1 Corinthians 13: Though I speak with the tongues of men and of angels, and have not charity, I am become as sounding brass, or a tinkling cymbal.
2 And though I have the gift of prophecy, and understand all mysteries, and all knowledge; and though I have all faith, so that I could remove mountains, and have not charity, I am nothing.
3 And though I bestow all my goods to feed the poor, and though I give my body to be burned, and have not charity, it profiteth me nothing.
It must be a great thing to have the gift of tongues, or the gift of prophesy, or the faith to move mountains – but we are told here that it is a greater thing to be filled with love.
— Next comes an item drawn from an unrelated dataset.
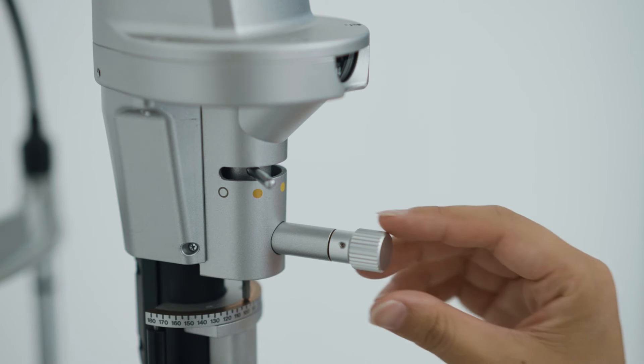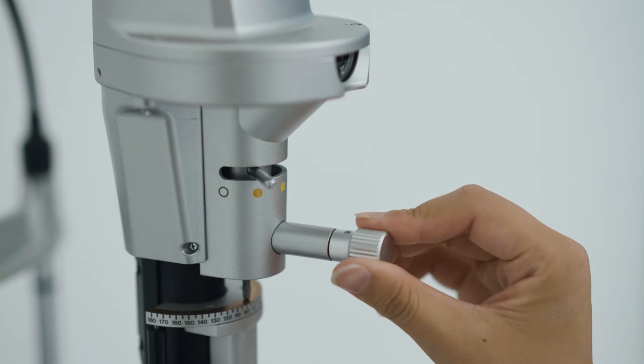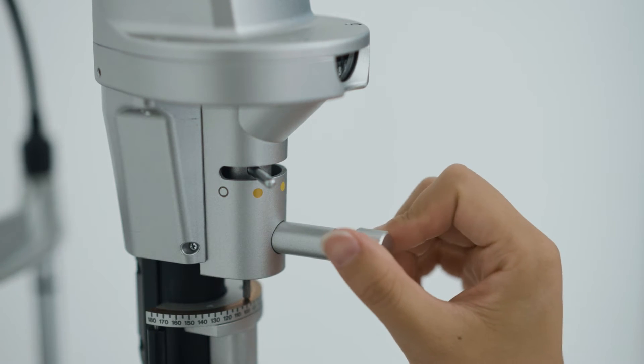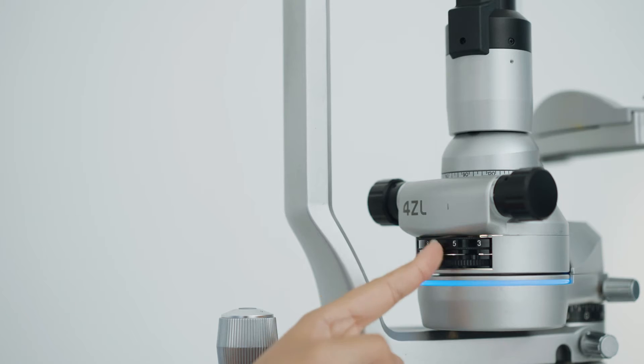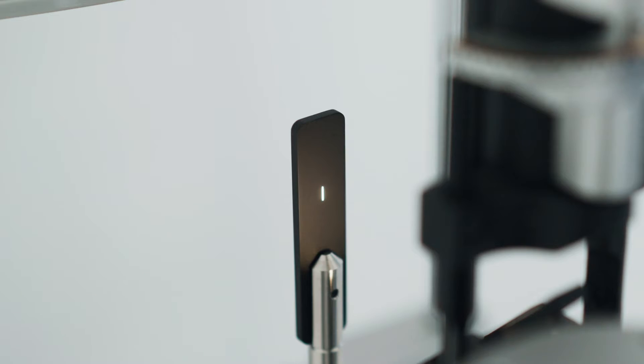Takagi's slit lamps are ergonomically designed. The pursuit of comfortable operability has resulted in the ideal size and location of various knobs.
Orson Scott Card put this into modern terms for us: “And though I attend all my meetings faithfully, and fulfil all my callings, and make a home teaching visit during the first week of the month; and though in all ways I am an active Church member, yet if I do not spend time in love and service for others, then I am not yet a Saint, for I do not yet love the Lord with all my heart, might, mind, and strength; and I do not love my neighbor as myself.”
But wait a minute – let’s go back to what Paul says in verse 3:
And though I bestow all my goods to feed the poor, and though I give my body to be burned, and have not charity, it profiteth me nothing.
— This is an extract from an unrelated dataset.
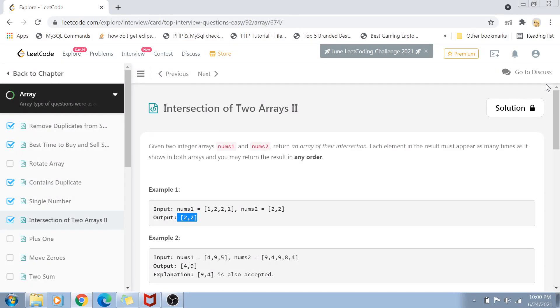Hi guys, welcome back to my channel. I'm back again with another coding interview problem video. The problem statement is Intersection of Two Arrays. This is a top interview question on LeetCode, asked in multiple companies. It's an easy level question and today we're going to solve it.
Isn’t bestowing one’s goods to the poor charity? Can we bestow our goods to the poor without having charity?
Dallin H. Oaks said
“We know from these inspired words that even the most extreme acts of service fall short of the ultimate ‘profit’ unless they are motivated by the pure love of Christ. If our service is to be most efficacious, it must be unconcerned with self and heedless of personal advantage. It must be accomplished for the love of God and the love of his children.” (Pure in Heart [Salt Lake City: Bookcraft, 1988], 47.)
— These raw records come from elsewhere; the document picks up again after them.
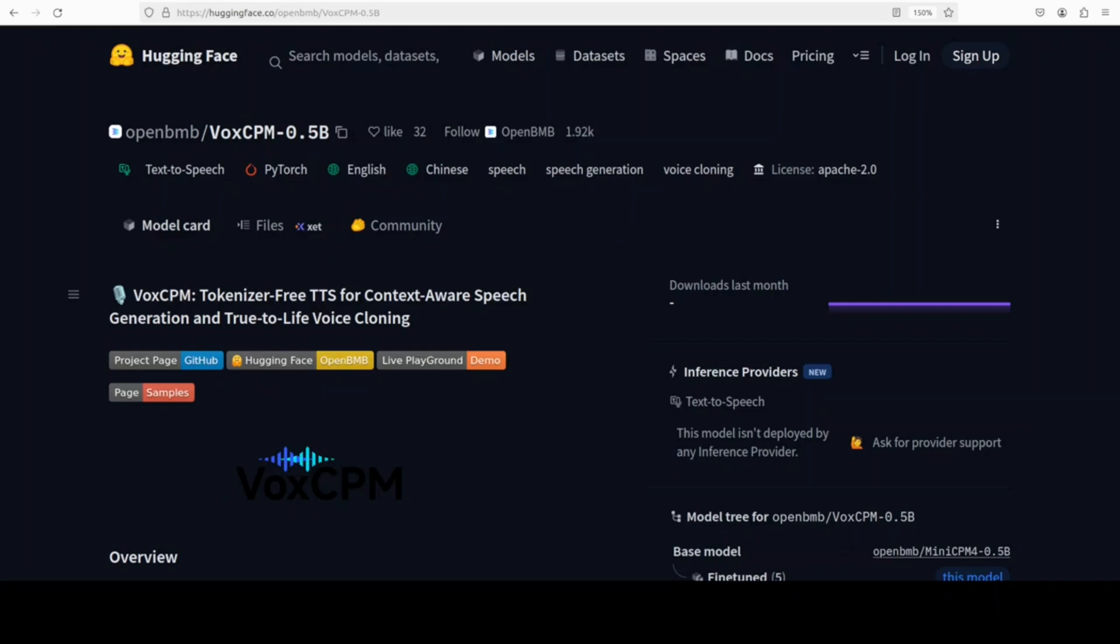Another Chinese company, another model in yet another modality. This time OpenBMB has dropped VoxCPM, just a 0.5 billion model, and that is what we are going to install locally and try it out on various prompts.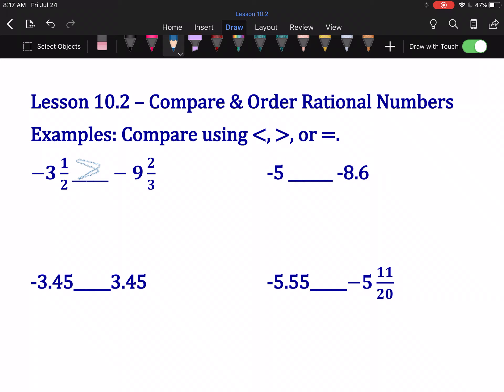With negative 5 and negative 8.6, again, the decimal is just there to waste your time. The whole numbers are different, and negative 5 is larger than negative 8.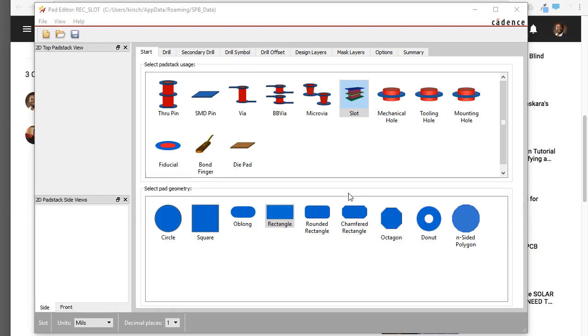Hello everyone, in this video I'll show you how to make a rectangular drill hole in Padstack Editor for OrCAD 17.2.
On the other hand – we can talk about love and charity but without corresponding actions it is meaningless. Dieter F Uchtdorf said: ‘True love requires action. We can speak of love all day long—we can write notes or poems that proclaim it, sing songs that praise it, and preach sermons that encourage it—but until we manifest that love in action, our words are nothing but “sounding brass, or a tinkling cymbal”.’
Thus, as Moroni declared, “except men shall have charity they cannot inherit” the place prepared for them in the mansions of the Father (Ether 12:34;).He also wrote: ‘But charity is the pure love of Christ, and it endureth forever; and whoso is found possessed of it at the last day, it shall be well with him.’ (Moroni 7:47)
The converse would seem to be true – if we are not found possessed of it at the last day it will not be well with us.
H Burke Petersen said: ‘Charity is measured in several ways. Perhaps a supreme form of charity may be exhibited by one who withholds judgment of another’s acts or conduct, remembering that there is only one who can look into the heart and know the intent—and know the honest desires found therein. There is only one whose right it is to judge the success of another’s journey through life. Uncalled-for judgments or prejudiced feelings keep many from displaying a truly charitable attitude or a willingness to help those in need, even those in our own family circle.’
A story is told about Alexander the Great. When he had his portrait painted, the selected artist was greatly perplexed about how to do it. Alexander had an ugly scar from battle on the side of his forehead. The artist did not want to paint that scar in the portrait, because it would be offensive. But leaving the scar out of the painting would not be honest either, and the likeness of his king would be false. The artist finally arrived at a decision what to do. He asked Alexander to lean his head forward and rest it on the fingers of his hand in a way that covered the scar. The finished portrait of the great conqueror was valued as a success.
Do you and I find ways to portray other people in the best light possible, or do we instead focus on their scars?